Today, people rely on social media to update them with the latest happening. On social media
sometimes a few seconds of old messages (a tweet, status updates, etc.) is not something that
interests users.
They often discard old messages and pay attention to recent updates. The data movement is now
almost real-time and the update window has reduced to fractions of the seconds. This highvelocity data represent Big Data.
Examples of data that is generated with high velocity – Twitter messages or Facebook posts.
VARIETY
Data can be stored in multiple formats. For example, database, excel, CSV, accessed or stored
in a simple text file. Sometimes the data is not even in the traditional format, it may be in the
form of video, SMS, pdf, or something different. It is the need of the organization to arrange it
and make it meaningful. It will be easy to do so if we have data in the same format, however it
is not the case most of the time. The real world has data in many different formats and that is
the challenge we need to overcome with Big Data. This variety of data represents Big Data.
Variety of Big Data refers to structured, unstructured, and semi-structured data that is gathered
from multiple sources. While in the past, data could only be collected from spreadsheets and
databases, today data comes in an array of forms such as emails, PDFs, photos, videos, audios,
SM posts, and so much more.

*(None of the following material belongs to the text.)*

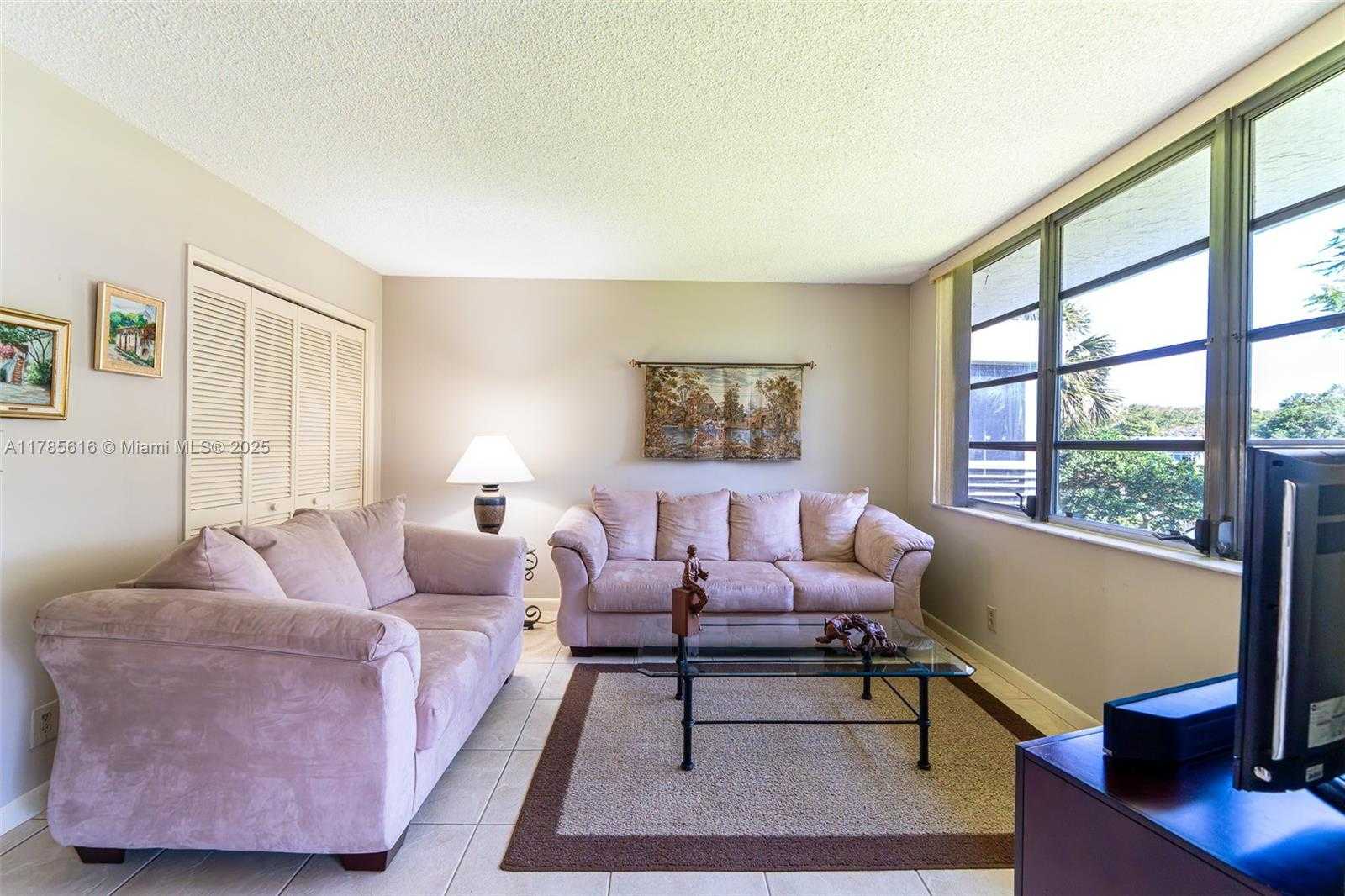 Small Image of 4221 WEST PALM AIRE DR #203, Pompano Beach Number 24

Variety is one of the important characteristics of big data.
VERACITY
Data veracity, in general, is how accurate or truthful a data set may be. More specifically, when it
comes to the accuracy of big data, it’s not just the quality of the data itself but how trustworthy the
data source, type, and processing of it is.

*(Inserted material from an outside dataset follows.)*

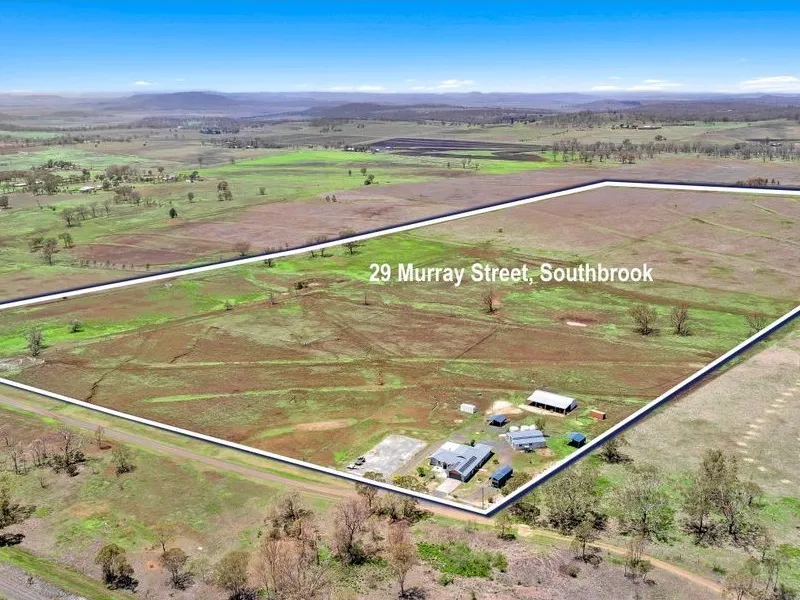 Modern Low Set Brick - Easy Care 80 acres!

The data quality of captured data can vary greatly, affecting the accurate analysis.
Example: Facebook posts with hashtags.
VALUE
Value is the major issue that we need to concentrate on. It is not just the amount of data that we
store or process. It is actually the amount of valuable, reliable, and trustworthy data that needs to
be stored, processed, analyzed to find insights.
· Mine the data, i.e., a process to turn raw data into useful data. The value represents the benefits
of data to your business such as in finding out insights, results, etc. which were not possible earlier.
Big Data Technology Components:
1. Ingestion:
The ingestion layer is the very first step of pulling in raw data.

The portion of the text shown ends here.